Complaining
Okay, we're talking about the corner. The place where us naughty little girls have to go to think about our misdeeds and how bad we've been.
I find it incredibly boring to look at the wall, although at least my walls are purple in the room I do my corner time, which breaks up the monotony of white-ness. I find my mind wanders off to lala land and I start thinking about everything and nothing, like what I need to buy at the grocery store or how pissed I am at someone at work. It's difficult to keep my thoughts centred on what a naughty bad little girl I am.
Plus, it hurts my back. I get told a lot to get my nose right in the corner (hate to break it to ya but my cheekbones get in the way of that) and to stick my bottom out, and that makes my lower back start to ache.
And yet, whenever I start to catalogue my complaints about how much corner time sucks, I realize that it's going to be that much worse when my bottom is throbbing and hot, I'm crying and not able to breathe properly, and I'm waiting to be called out so that I can be punished some more. That's when corner time becomes a reprieve, a sanctuary that one wants to hold on to for as long as possible.

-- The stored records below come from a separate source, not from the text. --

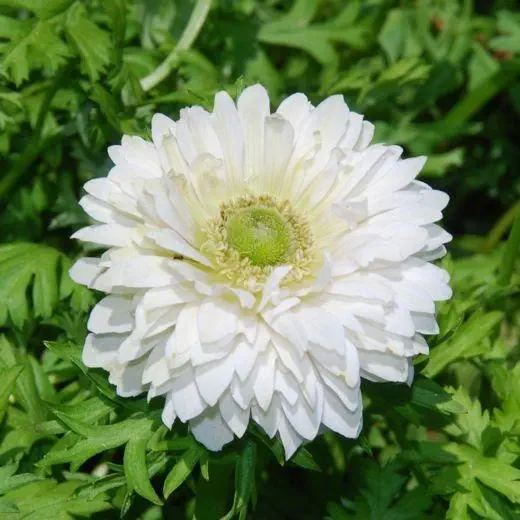 Anemone Mount Everest Flower Bulb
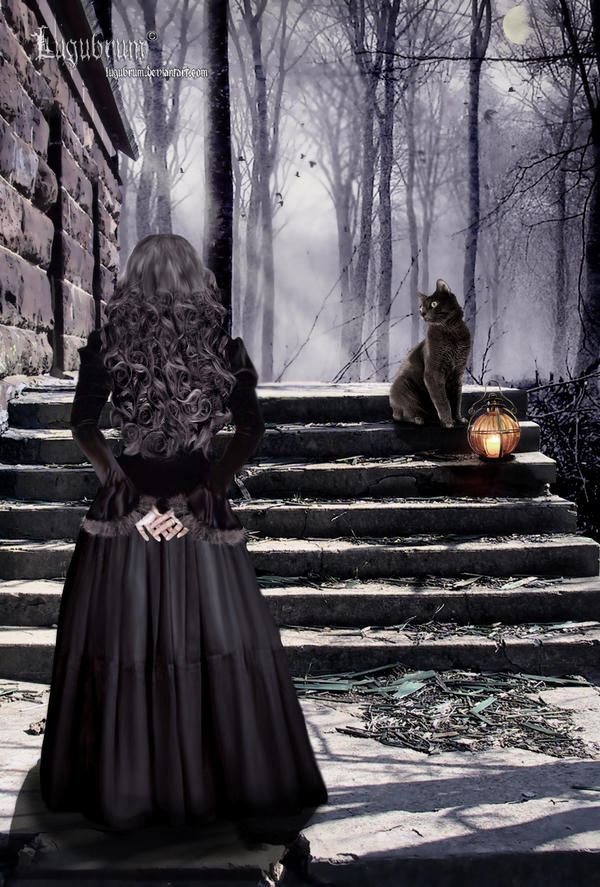 Ведьма со сложным имиджем в 3. Ведьма со спины. Красивая ведьма со спины. Ведьма в черном платье. Ведьма с кошкой.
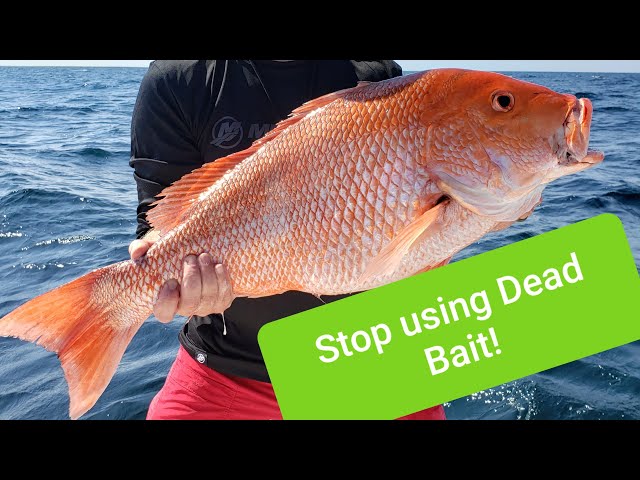 RED SNAPPER FISHING WITH BIG LIVE BAITS! How to catch the bigger red snapper.  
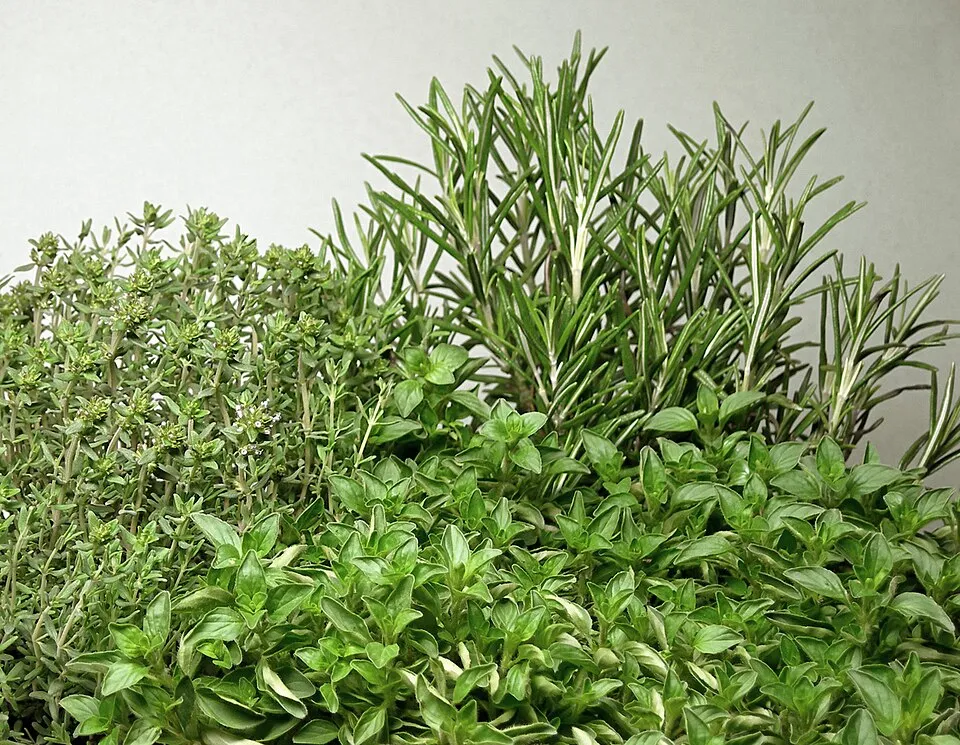 Herbs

I'm just grouchy today because I still have two more days of punishment left until Sunday, when I can stop teasing myself and stop doing 10 minutes of corner time every night. That is, unless he extends the time. But I'm being good so I don't think I have given him any cause to do so. I'm just hitting that point of no longer having any fun obeying and yet realizing that it's not about fun and games; sometimes it's about sucking it up and obeying regardless. Especially a punishment - I don't even want to imagine how he'd punish me if I deliberately disobeyed a punishment instruction.